6. The referenced doomsayers and their predictions are as follows:
a. Plato, Euripides, and Polybius predicted that as the population increases exponentially human beings will simultaneously run out of food and resources.
b. Thomas Malthus stressed this idea to state that the population growth curve is ‘geometric’ in its existence which with time outpaces the production of food resources.
c. William and Paul Paddock wrote the book Famine (1975), stating that certain regions could be saved.
d. Paul Ehrlich in his book Population Bomb predicted the inability of human beings to feed their own race and with time millions of deaths due to famines will end the battles to feed humanity.
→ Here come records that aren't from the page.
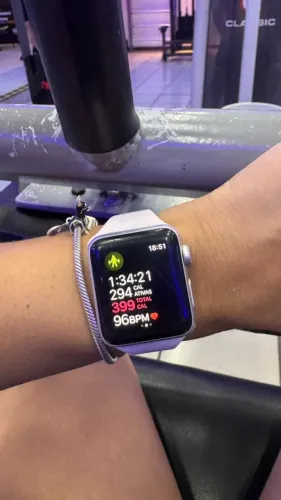Apple Watch Series 3 de 38mm (Modelo A1858)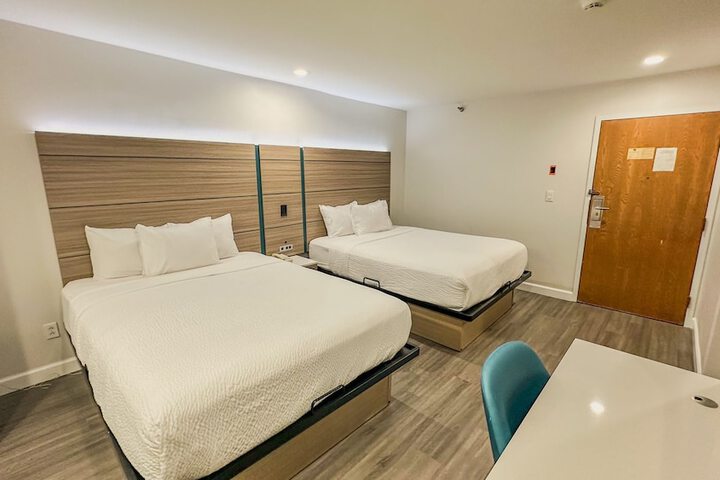 1 Queen Bed (9 of 16)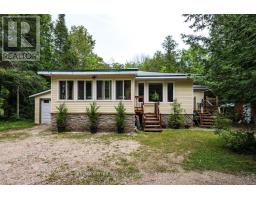 496 BERFORD LAKE ROAD, South Bruce Peninsula, Ontario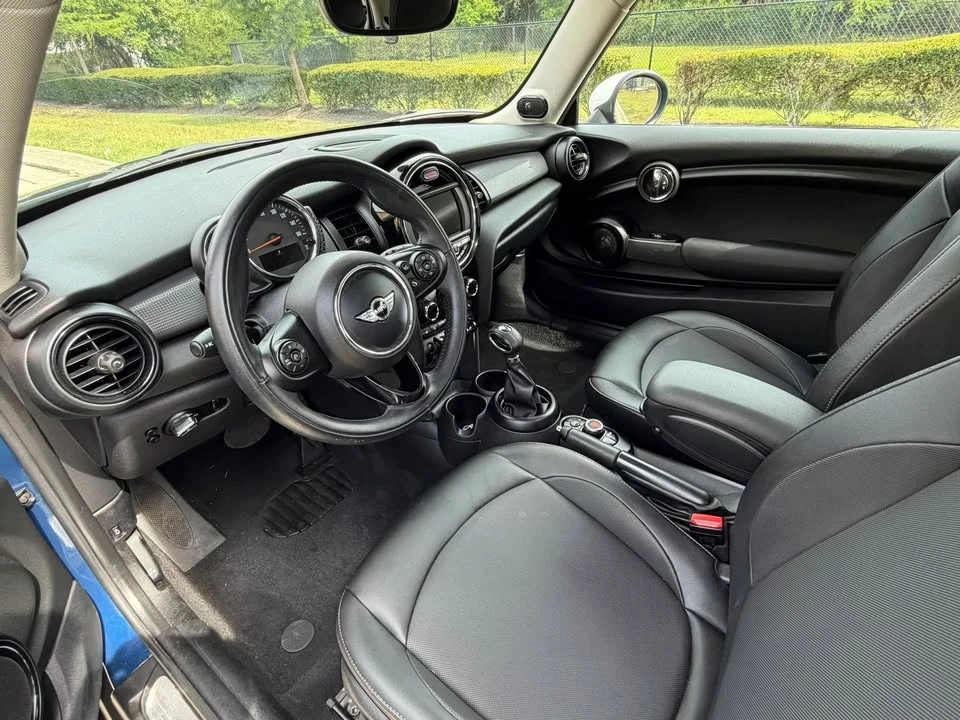 2017 Mini Mini 3rd Gen - Image 6 of 20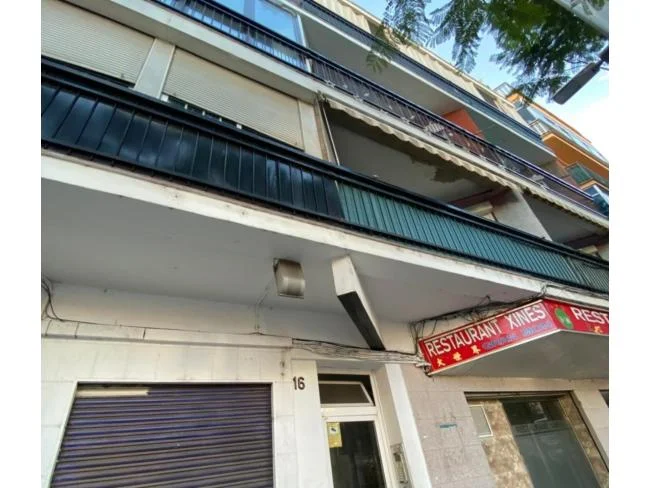 Piso céntrico de tres dormitorios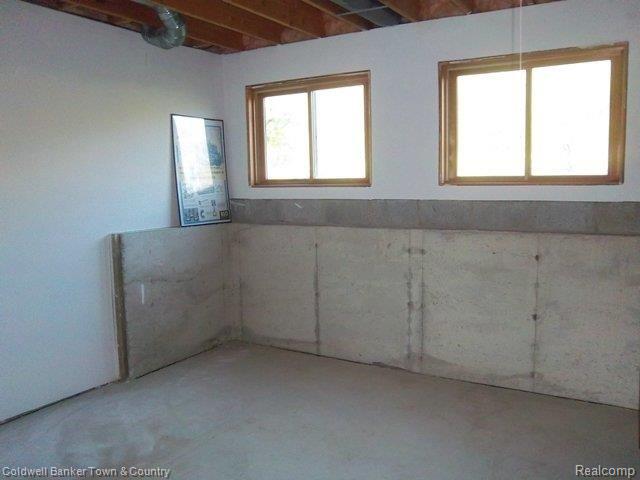 6105 Rivers Edge Drive Howell, MI 48855 - Photo 21 of 23 Daylight.JPG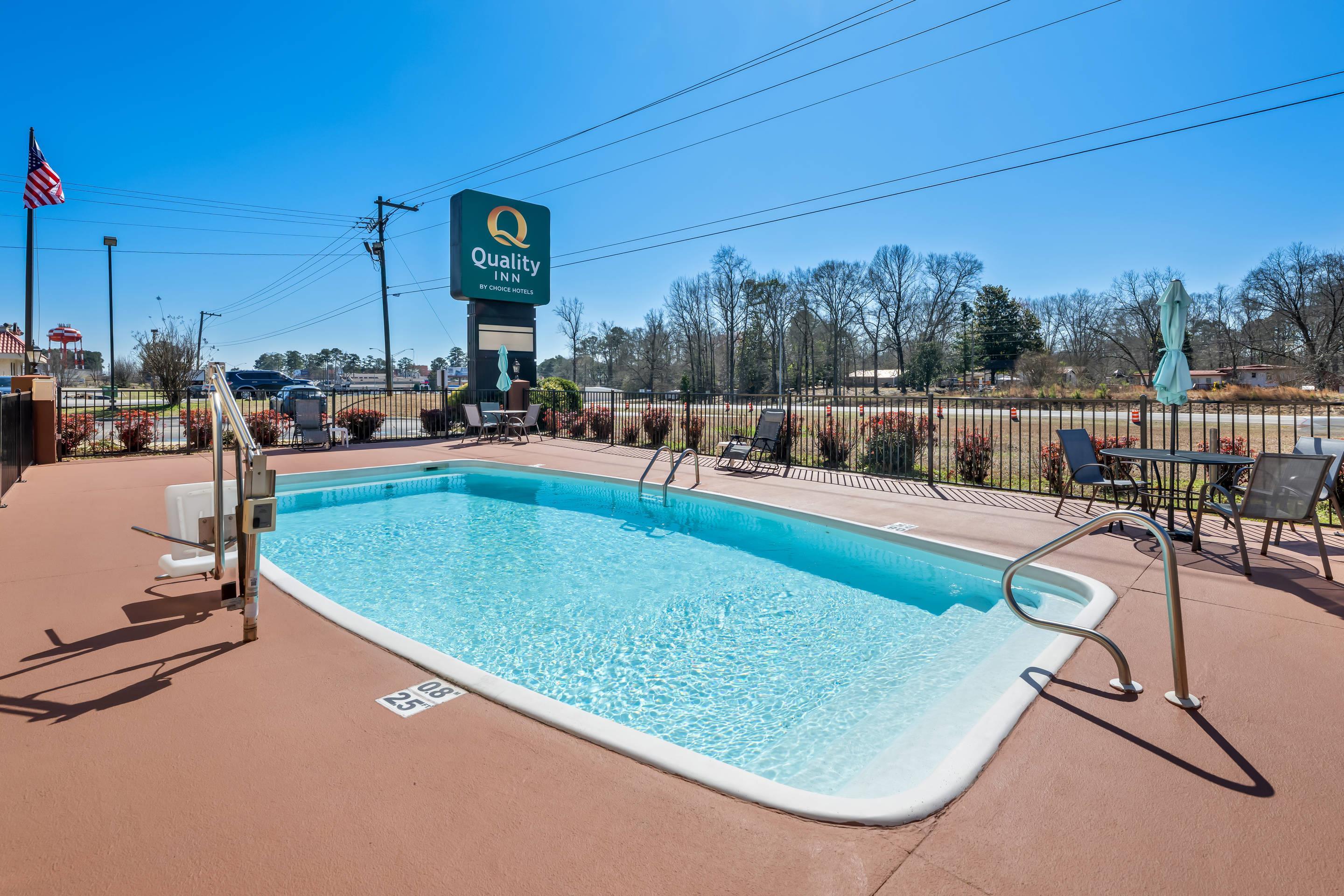 Relax by the pool | Quality Inn Alexander City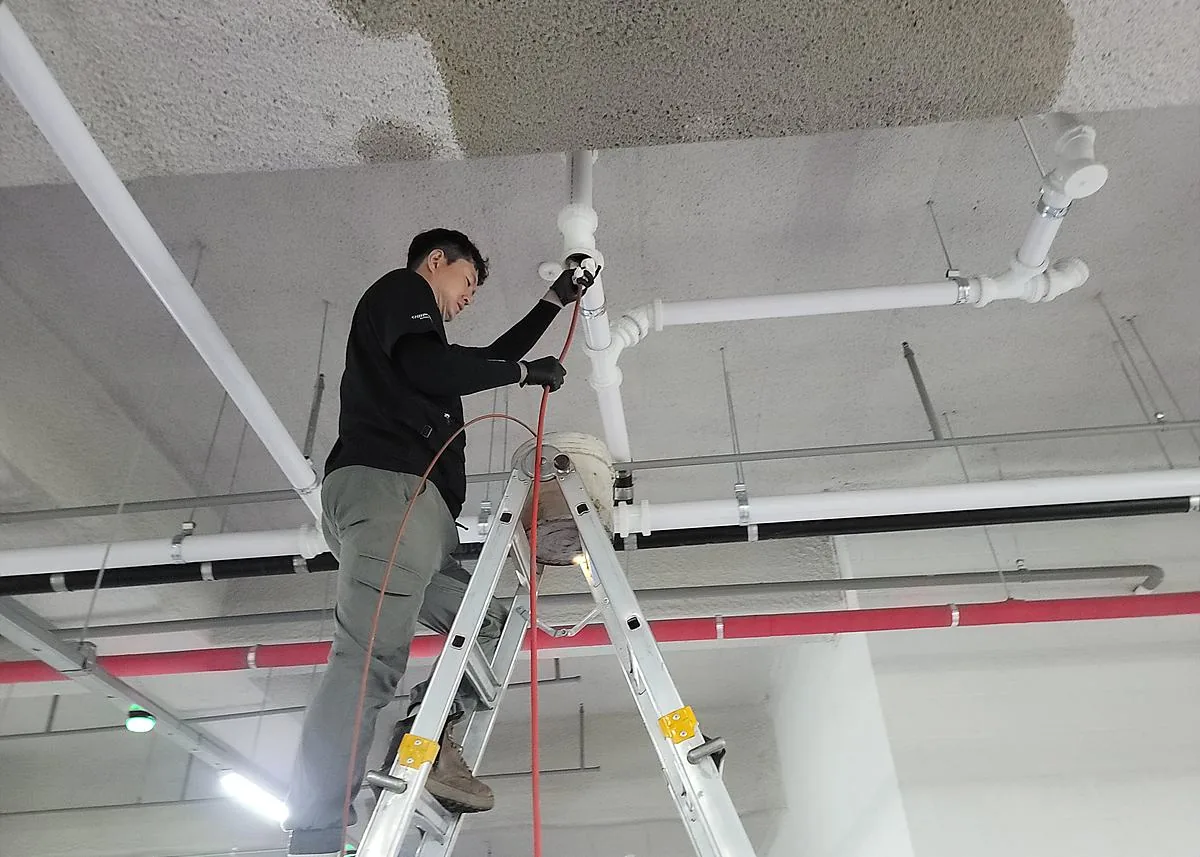 위치탐지기로 찾은 지하주차장 연결 배관을 점검하는 모습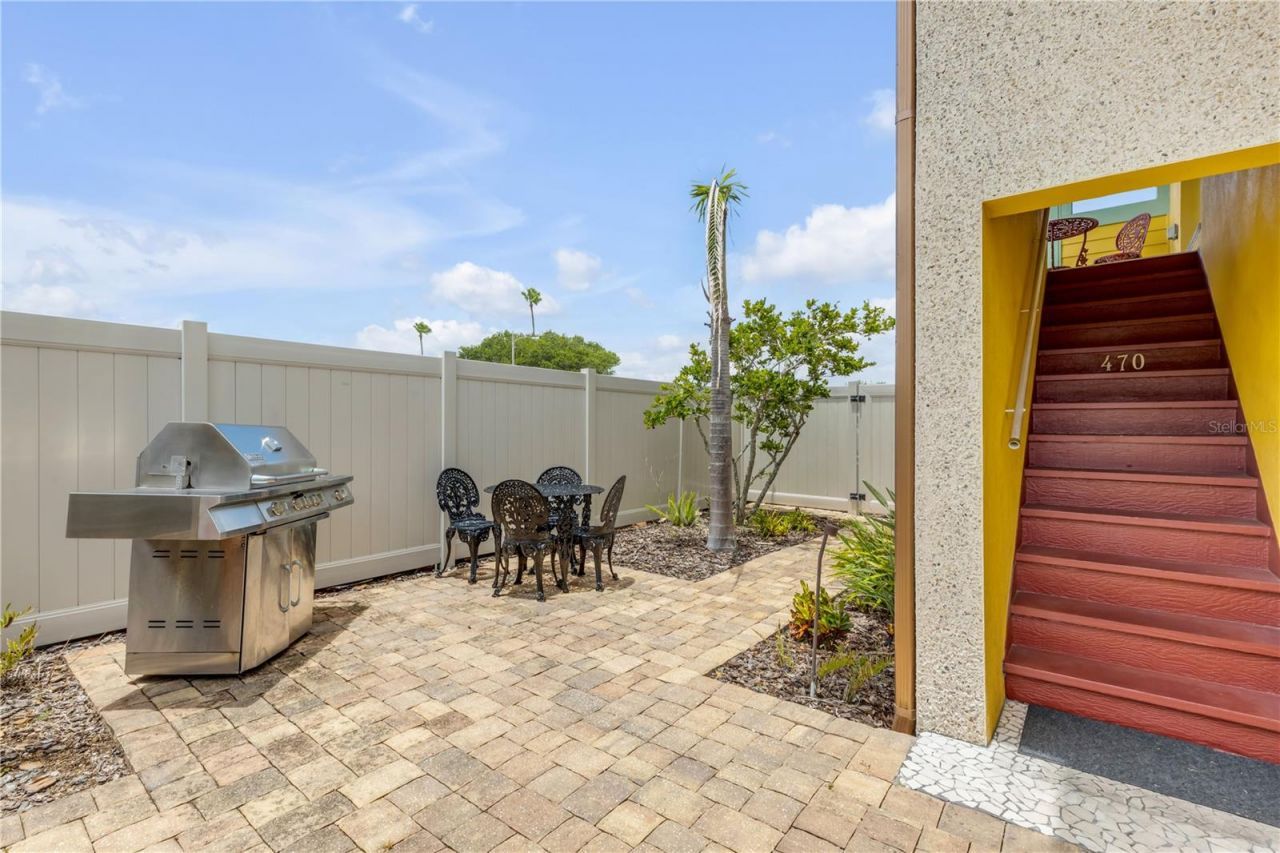 472 N Causeway, New Smyrna Beach, FL 32169 Photo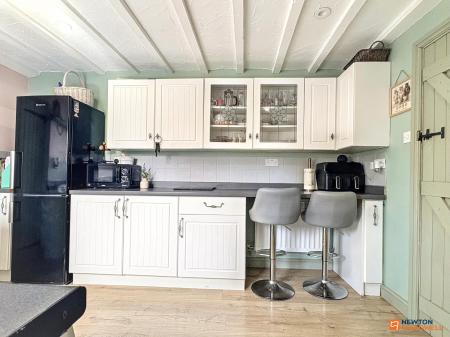 3 bedroom Barn Conversion for sale in Dennis Street, Hugglescote, LE67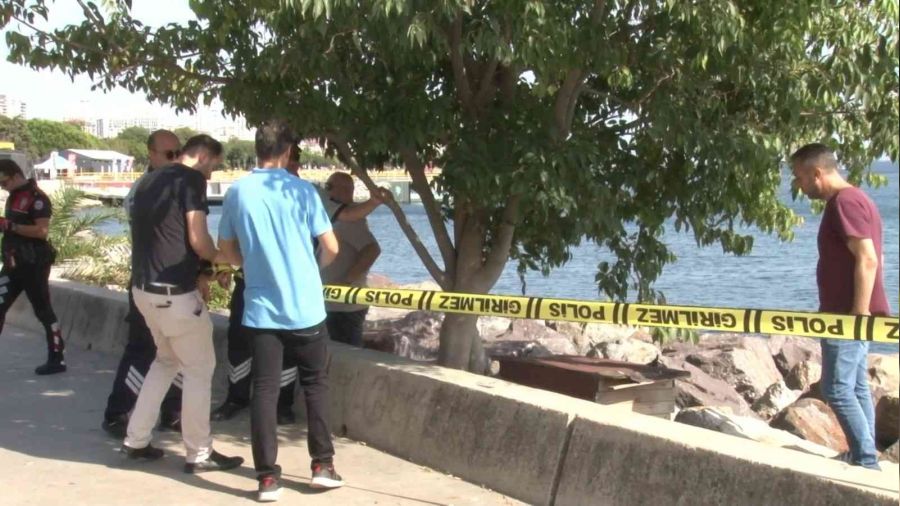 Kartal sahilde bomba panii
7. Ester Boserup argued that the more the population grows, the more would be our urge to innovate and more would be the holistic progress of mankind. With time, not only does the population increase, the standard of living keeps changing based on the need of the hour and the exaggerated sensibility of luxury and comfort. The sustainability capacity based on the problem-solving ability also increases with the population as stated by Boserup. This is also argued by Julian Simon, who believes that an increase in population increases the knowledge that helps in developing needful healthy survival skills.
8. According to Anti-Malthusians, the greatest resource on this planet are human beings, as they are skilled, knowledgeable, creative, and spirited to solve problems whenever adversity strikes and benefit the world around us.
9. The consequences of the green revolution indicate the lack of a conservative approach while using the resources which eventually results in nature taking it back from us. To explain the over-utilization of primary productivity, Peter Vitousek stated that to support the human population in the year 1986, 38.8 % of the primary productivity was utilized which is considered very high. The distribution of rainwater is very uneven, affecting the lives of human beings with reduced accessibility of drinking water, irrigation issues from soil erosion to salinization of soil, loss of vital mineral resources in the soil, and so on. Conversation of farmlands, soil erosion, and many other factors contributed to the decline of the food growth curve after World War II, which was to cope with the population growth curves.
10. Cohen demonstrated that humans are the ultimate state of existence and have altered the world in which we live, there are no ecosystems that are free from human interference and influence. Humans have changed the natural cycle of nitrogen; they add 130-150 million tons of nitrogen every year. The excessive use of nitrogen in fertilizers results in reduced oxygen levels causing problems for aquatic ecosystems, the man-made nitrogen gas stays in the atmosphere for a very long period of time causing pollution in the natural cycle of nitrogen, which affects the natural life of human beings.
11. The new earth created by us, is full of elements that have changed the basic natural essence of the world around us, which naturally protected us from different adverse conditions. The excessive carbon-di-oxide release in the atmosphere is a huge factor in changing our environment. The carbon-di-oxide release leads to the greenhouse effect which in turn is the cause of global warming. Before our atmosphere contained 280 parts carbon-di-oxide per million, now it has gone up to 360 parts carbon-di-oxide per million.
12. It is an undeniable fact that mitigating is quite tough now, and adaptability is the option to look forward to, as we as human beings are very far from bringing any changes, changes come on the correct implementation of the necessary steps, but before that do, we all realize the criticality and seriousness of the situation that we are in. Not everybody does, henceforth there are very less people who are concerned about it. Awareness and self-realization is the first step to bringing any changes, only then a positive implementation model can be developed.